Un’edizione rivoluzionata dal Covid e che dal Covid cercherà di difendersi nel corso delle prossime tre settimane: «Per il Giro d’Italia abbiamo definito protocolli molto rigidi – motiva il direttore di corsa – e saranno solamente pochissimi ad avere accesso diretto ai ciclisti. Ci sono diverse aree di autorizzazione e filtraggio e in pratica il gruppo vivrà all’interno di una “bolla” per evitare contatti con l’esterno. Chiediamo l’aiuto e la collaborazione del pubblico perché tutto questo è completamente inutile se la gente a bordo strada sarà priva di mascherina. In molti non hanno capito che la mascherina è prima di tutto un atto di rispetto e di protezione nei confronti del ciclista e del suo lavoro».

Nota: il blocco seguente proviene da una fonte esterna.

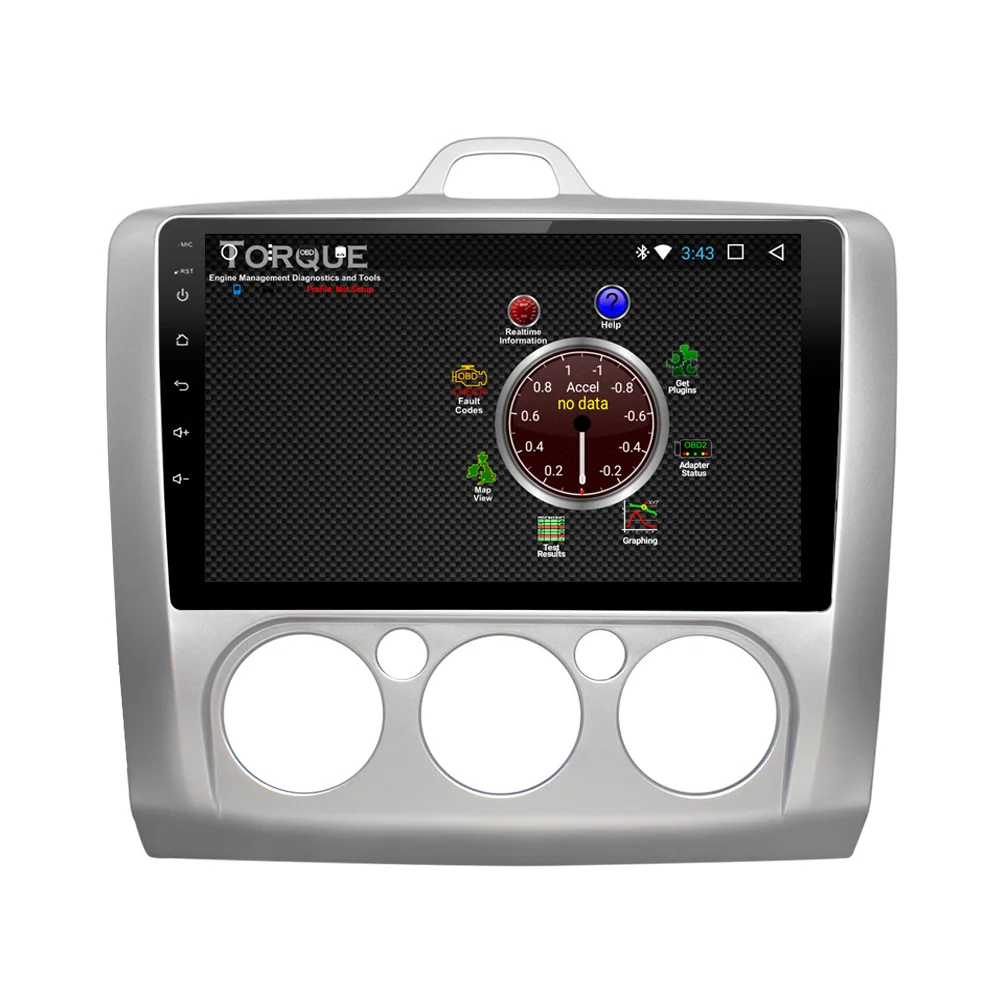 Cheap JIUYIN Android 8.1 Car DVD Multimedia Player GPS For ford focus 2 3 2006 2007 2008 2009 2010 2011 audio car radio 3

Oltre al Covid, principale nemico da arginare, il Giro 2020 avrà anche la criticità della stagione, essendo la prima corsa rosa della storia corsa in autunno. «Negli ultimi anni – spiega il direttore di corsa di Rcs – il mese di ottobre ha sempre avuto temperature miti con un clima simile alla primavera. Ma questa non è una regola e lo scorso weekend si è avuta, ad esempio, una brusca riduzione della temperatura con neve a basse quote. Sappiamo che, specialmente nell’ultima settimana e sulle montagne, ci potrebbero essere condizioni di criticità e posso dire che siamo pronti ad affrontarle e che non ci faremo trovare impreparati. Ovviamente speriamo che il tempo ci possa assistere e che il pubblico possa assistere al Giro d’Italia così come lo abbiamo pensato».

In un Giro tristemente senza romagnoli, Babini sarà uno dei pochissimi a tenere alto il nome della regione, anche se in ruolo istituzionale. «Non posso nascondere il mio dispiacere perché in quasi tutte le edizioni del Giro d’Italia la rappresentanza romagnola è stata sempre presente e viva. È
un’edizione particolare con ben tre tappe in Romagna e mi rattrista pensare che, sulle salite della Nove Colli, i tifosi non troveranno nessun romagnolo da tifare e da incoraggiare sulle strade di casa. Da presidente di una società ciclistica (la Faentina, ndr) questo fatto mi fa molto riflettere e mi fa pensare che negli ultimi decenni siano stati fatti numerosi errori. Il numero di Giovanissimi è molto alto ma poi non abbiamo la capacità di trattenere i giovani e farli crescere senza eccessive pressioni e in modo sano. È vero che il ciclismo mondiale è cambiato, ma dobbiamo cambiare anche noi se vogliamo far crescere il movimento romagnolo e portare al professionismo i giovani talenti».